◆ Exercise goal
Each line below that contains "Bedroom" should be counted; give the total alone.

"""

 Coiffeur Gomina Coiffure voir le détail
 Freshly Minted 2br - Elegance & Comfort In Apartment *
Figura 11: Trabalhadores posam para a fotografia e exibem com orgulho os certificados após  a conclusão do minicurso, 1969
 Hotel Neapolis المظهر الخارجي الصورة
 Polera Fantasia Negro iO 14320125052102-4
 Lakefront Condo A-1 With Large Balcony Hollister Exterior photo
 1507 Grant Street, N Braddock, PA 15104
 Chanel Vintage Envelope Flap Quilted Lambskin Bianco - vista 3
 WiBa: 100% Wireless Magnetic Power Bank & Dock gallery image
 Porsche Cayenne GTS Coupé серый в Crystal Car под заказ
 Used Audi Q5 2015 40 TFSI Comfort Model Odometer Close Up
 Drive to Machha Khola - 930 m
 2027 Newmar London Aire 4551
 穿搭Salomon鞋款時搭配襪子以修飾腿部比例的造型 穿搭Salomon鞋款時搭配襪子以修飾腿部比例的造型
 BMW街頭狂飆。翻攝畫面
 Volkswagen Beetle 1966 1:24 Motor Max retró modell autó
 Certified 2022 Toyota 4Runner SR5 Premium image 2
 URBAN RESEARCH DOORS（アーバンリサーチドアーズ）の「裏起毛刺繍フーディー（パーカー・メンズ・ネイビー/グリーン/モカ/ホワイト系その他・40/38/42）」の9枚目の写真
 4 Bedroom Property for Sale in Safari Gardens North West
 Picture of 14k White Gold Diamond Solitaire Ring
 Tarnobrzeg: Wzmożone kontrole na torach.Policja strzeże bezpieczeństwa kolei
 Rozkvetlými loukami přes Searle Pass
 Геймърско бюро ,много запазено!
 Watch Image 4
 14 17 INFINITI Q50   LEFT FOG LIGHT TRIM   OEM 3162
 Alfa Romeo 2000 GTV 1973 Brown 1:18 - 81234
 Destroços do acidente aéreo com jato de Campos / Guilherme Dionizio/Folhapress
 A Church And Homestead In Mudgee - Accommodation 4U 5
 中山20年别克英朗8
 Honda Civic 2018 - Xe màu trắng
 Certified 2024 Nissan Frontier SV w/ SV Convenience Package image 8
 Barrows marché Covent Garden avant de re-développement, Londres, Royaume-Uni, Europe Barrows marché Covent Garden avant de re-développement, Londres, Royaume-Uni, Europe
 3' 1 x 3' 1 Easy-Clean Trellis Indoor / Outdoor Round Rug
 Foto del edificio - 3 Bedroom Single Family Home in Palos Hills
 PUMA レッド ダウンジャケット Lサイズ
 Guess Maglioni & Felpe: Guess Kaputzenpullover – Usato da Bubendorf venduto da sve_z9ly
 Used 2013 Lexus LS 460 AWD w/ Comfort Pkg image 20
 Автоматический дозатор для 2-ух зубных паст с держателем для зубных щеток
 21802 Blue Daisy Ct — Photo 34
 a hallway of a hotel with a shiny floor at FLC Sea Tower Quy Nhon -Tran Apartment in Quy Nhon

"""

◆ Answer below
2